Translation in Qt5 (API)

Chusslove Illich caslav.ilic at gmx.net
Sun Jul 10 14:35:30 BST 2011


Let's make this a branch about i18n API. This includes call syntax (message
strings, overloading vs. distinct names), argument substitution syntax
(method, %-operator, templates), conversion to string (special classes,
implicit vs. explicit), catalog resolution (global vs. by domain).

I have no rounded draft on this, so I'll go bit by bit. I'm hardly a daily
practitioner of C++, so feel free to respond with "that's the silliest thing
I read this week". (I would expect no less from Oswald anyway :D)

I'll call the two special classes QUITComposer and QUITTranslator, as I did
in the part on markup. I'll use QUITComposer everywhere except when it comes
to relation and exposure of these two.

>> [: Chusslove Illich :]
>> But I no longer remember why I thought implicit conversion is dangerous;
>> and why people didn't throw at me "don't be stupid, add implicit
>> conversion".
>
> [: Oswald Buddenhagen :]
> well, to start with, it requires the addition of a QString constructor,
> which you were hardly in a position to do ...

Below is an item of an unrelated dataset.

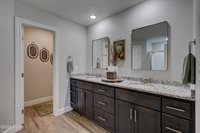 905 Durward Hall Drive, Carthage, MO 64836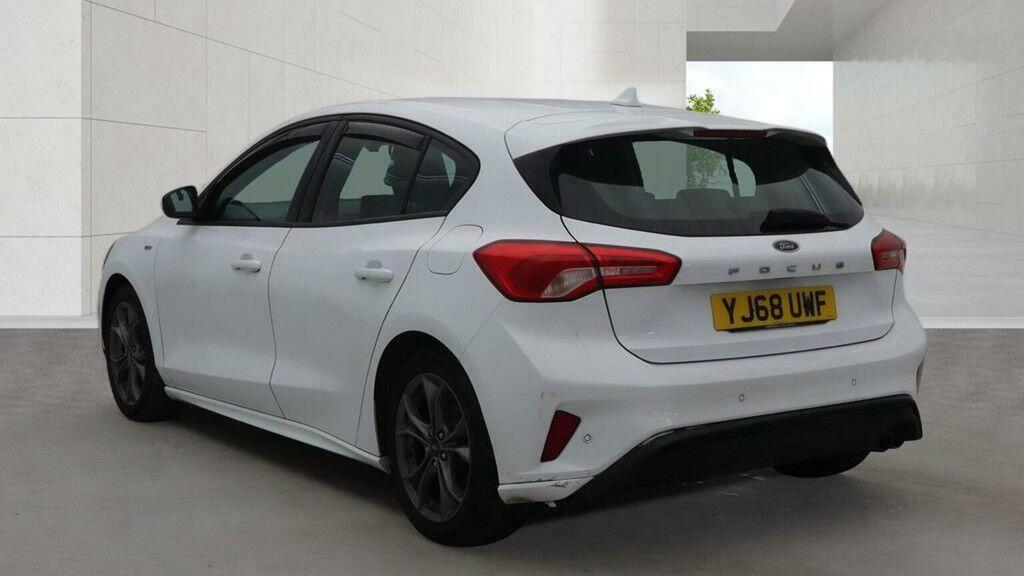 Ford Focus Hatchback 1.0T Ecoboost St-line Euro 6 Ss YJ68UWF White #3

Do you mean that there should be a QString(const QUITComposer &)
constructor? That looks very bad to me. A general purpose string class
should not have to know about the translation-related things that use it. I
thought implicit conversion would mean only that QUITComposer has a
conversion operator to QString. In that case, it should be unavoidable that
sometimes, now or in the future, one would need to perform explicit
conversion when ambiguities arise.

My main concern is: with implicit conversion, can we get ourselves into
something worse than sporadic compile errors which are fixed by explicit
conversion?

Also this: would it be necessary for me to do another round of trying out
what implicit conversion would do on the whole of KDE 4 code, as I did on
3->4? Or is the outcome of such a test known in advance, or irrelevant?

>> [: Chusslove Illich :]
>> [Michael Olbrich's response:] No implicit conversion. That just asks for
>> trouble. You don't know whether the QString stored in the QVariant is
>> before or after the arguments are passed. If its before you would loose
>> [QUITComposer]'s functionality without any warning.
>
> [: Oswald Buddenhagen :]
> that doesn't convince me.
> 1) one can postulate that [QUITComposer] should be only used implicitly.
> so, "of course it is after argument processing".
> 2) alternatively, one could properly support it in QVariant. then the
> implicit conversion should not kick in, i think?
>
> the other issues seem to be either academic or obsolete due to changes
> (implicit constructors).

It must be possible to use QUITComposer explicitly. That is because one may
need to substitute arguments at a later point:

  QUITComposer report = qtr("Blah, blah: {1}");
  QString msg;
  // Get msg from somewhere.
  report = report.subs(msg);

This simplistic example can be reordered to not require later substitution,
but in principle this is a needed feature.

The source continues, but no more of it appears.